━━━ Data for this task ━━━
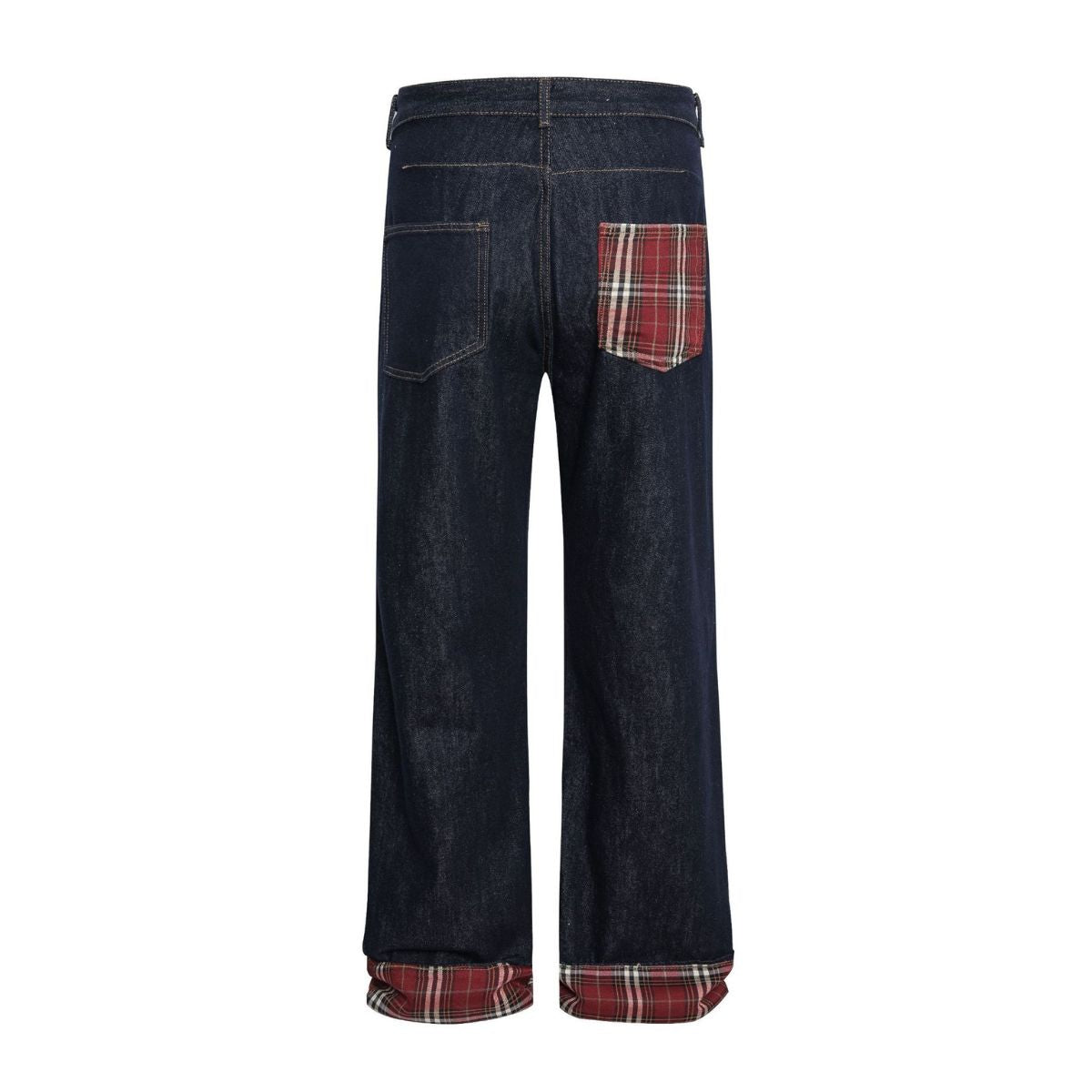 Vintage Raw Denim Red Plaid Panel Flare Jeans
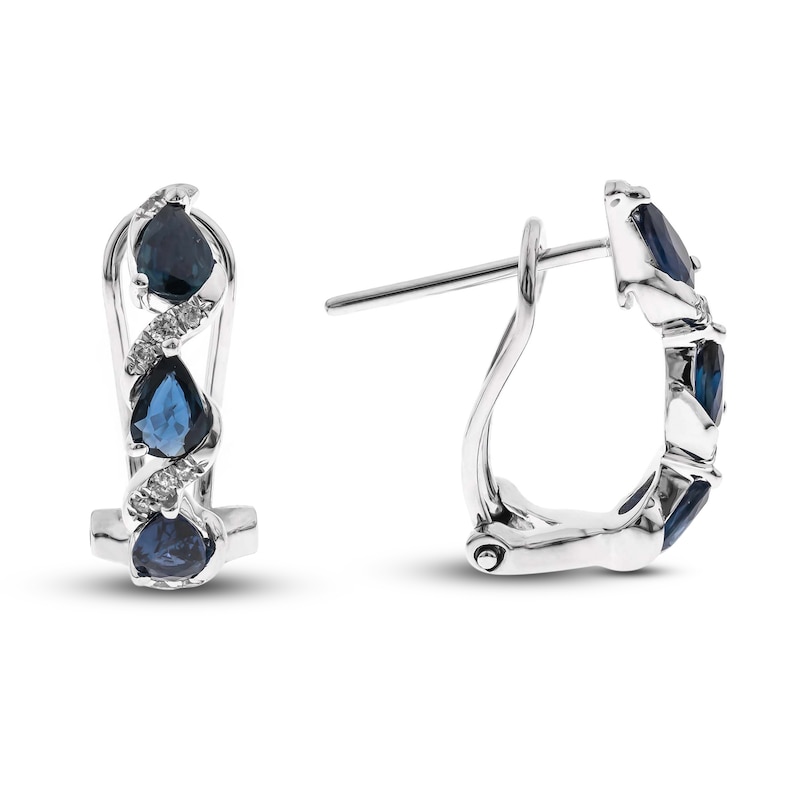 Main Image 1 of Sapphire & Diamond Hoop Earrings 1/8 ct tw Pear/Round-Cut 10K White Gold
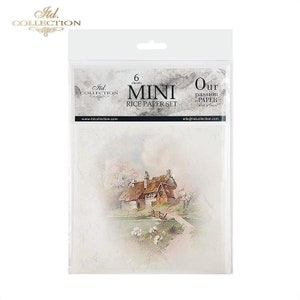 ITD Collection MINI Idyllic Rural Views Rice Paper Set - Rural View Rice Paper - Country Scene Rice Paper - Landscape Views - 31-549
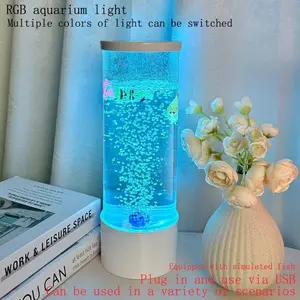 T6027-3 Fish Tank Decorative Light, RGB Plug-In Night Lamp, Creative Gift for Kids Room, Office Desk Ornament, Ambiance LED Table Lamp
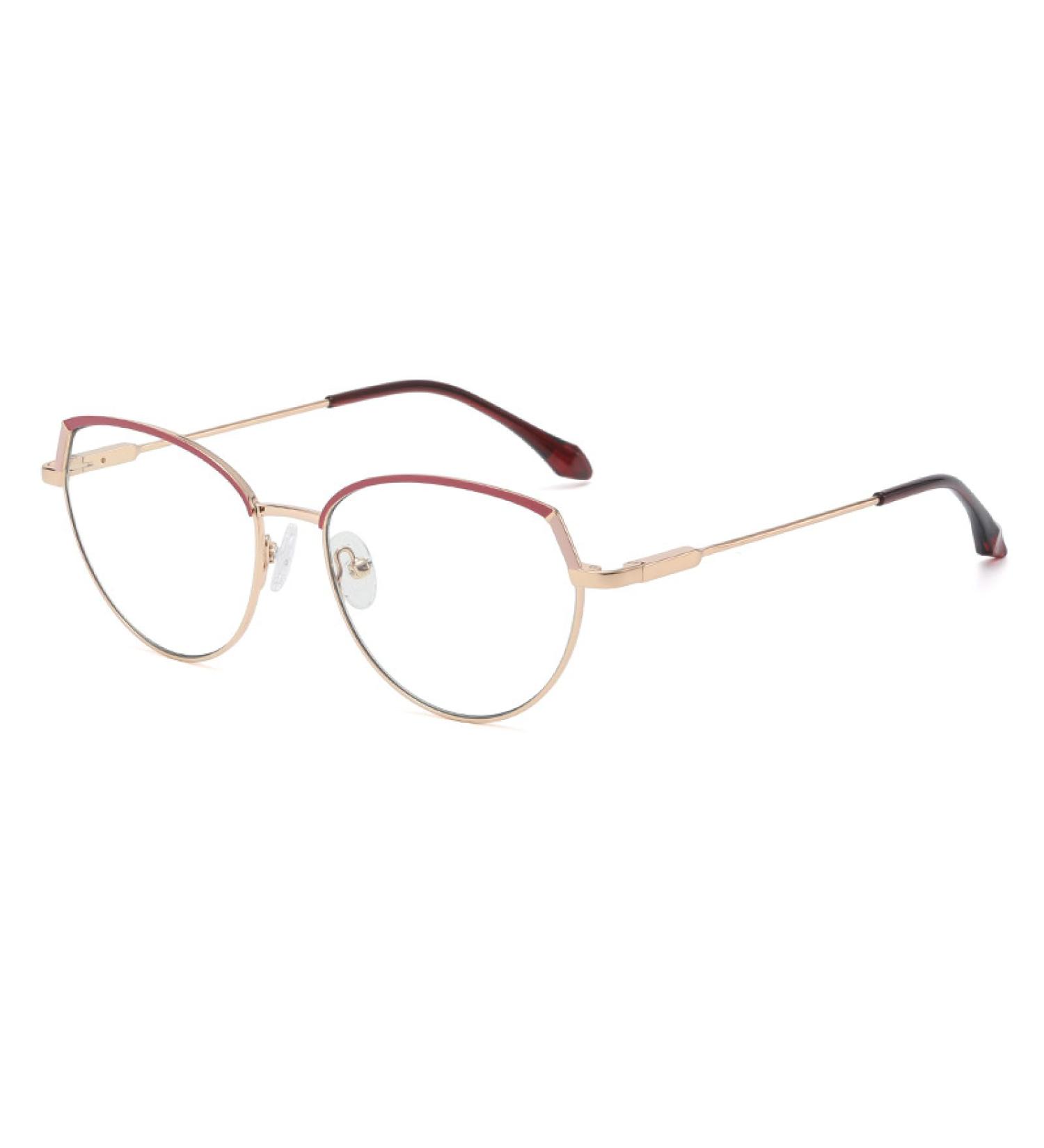 SERONI Blue Light Blocking Cat Eye Glasses for Men & Women - Anti UV Ray 53mm Computer & Reading Glasses - Stylish Gold-Red Frame - Buy Online on GoSupps.com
━━━
*Task description*. In the entries above, find the line that contains "T6027-3 Fish Tank", then repeat exactly every line from the first one through that line, with no pictures.

*Result*.
 Vintage Raw Denim Red Plaid Panel Flare Jeans
 Main Image 1 of Sapphire & Diamond Hoop Earrings 1/8 ct tw Pear/Round-Cut 10K White Gold
 ITD Collection MINI Idyllic Rural Views Rice Paper Set - Rural View Rice Paper - Country Scene Rice Paper - Landscape Views - 31-549
 T6027-3 Fish Tank Decorative Light, RGB Plug-In Night Lamp, Creative Gift for Kids Room, Office Desk Ornament, Ambiance LED Table Lamp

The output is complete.